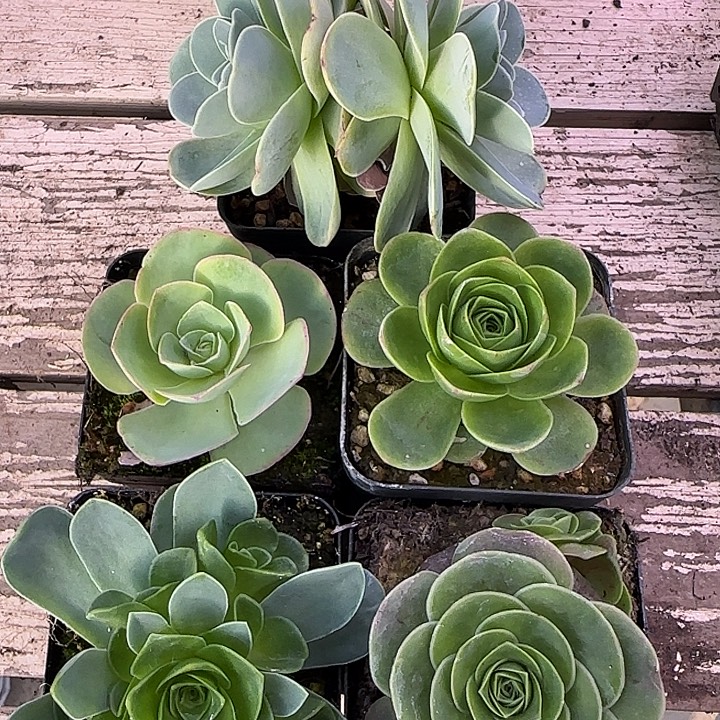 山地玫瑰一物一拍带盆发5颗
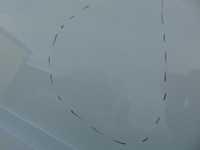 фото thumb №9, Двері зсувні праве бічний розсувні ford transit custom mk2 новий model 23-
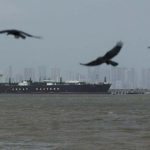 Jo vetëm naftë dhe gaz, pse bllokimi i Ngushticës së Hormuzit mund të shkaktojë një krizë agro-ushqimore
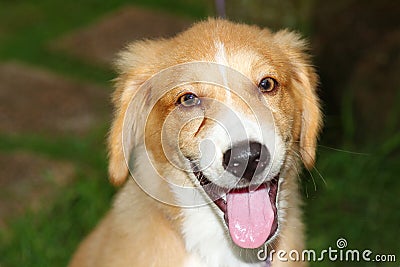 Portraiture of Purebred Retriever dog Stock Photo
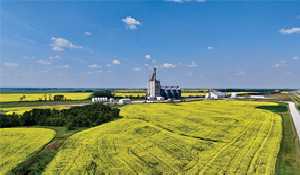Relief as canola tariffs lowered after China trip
|---|
◆ Description of the task ◆
Take the material above and output only the lines from the one that contains "фото thumb №9, Двері" through the one that contains "Portraiture of Purebred", ends included and images left out.

◆ Exercise solution ◆
 фото thumb №9, Двері зсувні праве бічний розсувні ford transit custom mk2 новий model 23-
 Jo vetëm naftë dhe gaz, pse bllokimi i Ngushticës së Hormuzit mund të shkaktojë një krizë agro-ushqimore
 Portraiture of Purebred Retriever dog Stock Photo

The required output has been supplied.